Big Issue

I imagine many of us will experience tears in the coming months, for a multitude of reasons big and small. I walked past a Big Issue seller around whom footfall looked pitiful. I bought a magazine and he wished me ‘good luck with everything over the next few days’. I walked off teary-eyed at the sheer uncertainty of his situation.

A coffee shop in the morning with Gugs (also stranded in the UK amidst a change of contract from Myanmar to Kenya) was doing a brisk trade, although it wouldn’t accept cash for hygiene reasons. The fruit and veg stall at the market where I picked up some avocados for Ali also had a flock of customers. Although there are fewer people moving around, it’s heartening that local businesses are being supported as they can weather the economic uncertainty much less well than corporations with reserves and assets. Those of us who don’t have salaries immediately threatened by the shutdown must continue to use services and businesses as much as possible, to maintain a degree of normalcy. Although it’s perhaps inevitable that things will soon be shuttered more widely.

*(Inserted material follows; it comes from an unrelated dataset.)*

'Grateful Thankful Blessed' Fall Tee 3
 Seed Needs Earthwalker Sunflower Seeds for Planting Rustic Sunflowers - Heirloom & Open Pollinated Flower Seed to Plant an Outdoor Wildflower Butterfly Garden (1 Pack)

My sister called me in the evening as I was walking to Sainsburys. I managed to find almost the last packet of bread rolls from a decimated bakery section.

My bike is locked at the office and the keys are in Berry and Helen’s house. I haven’t seen them yet as Helen’s sister has coronavirus and they were recently together for their 40th birthday. As walking in Cambridge takes me five times longer than cycling the same distance I might have to tomorrow take the ridiculous step of having keys thrown to me from a window.

During my walk today the cold was biting and if I have to be facing extremely reduced social interaction, I’d rather be doing it in the tropics.

A few of us had to go to the office although barely anyone else was there. The living wall in the building is already looking worse for wear and I worry we’ll all return to a vertical brown carpet.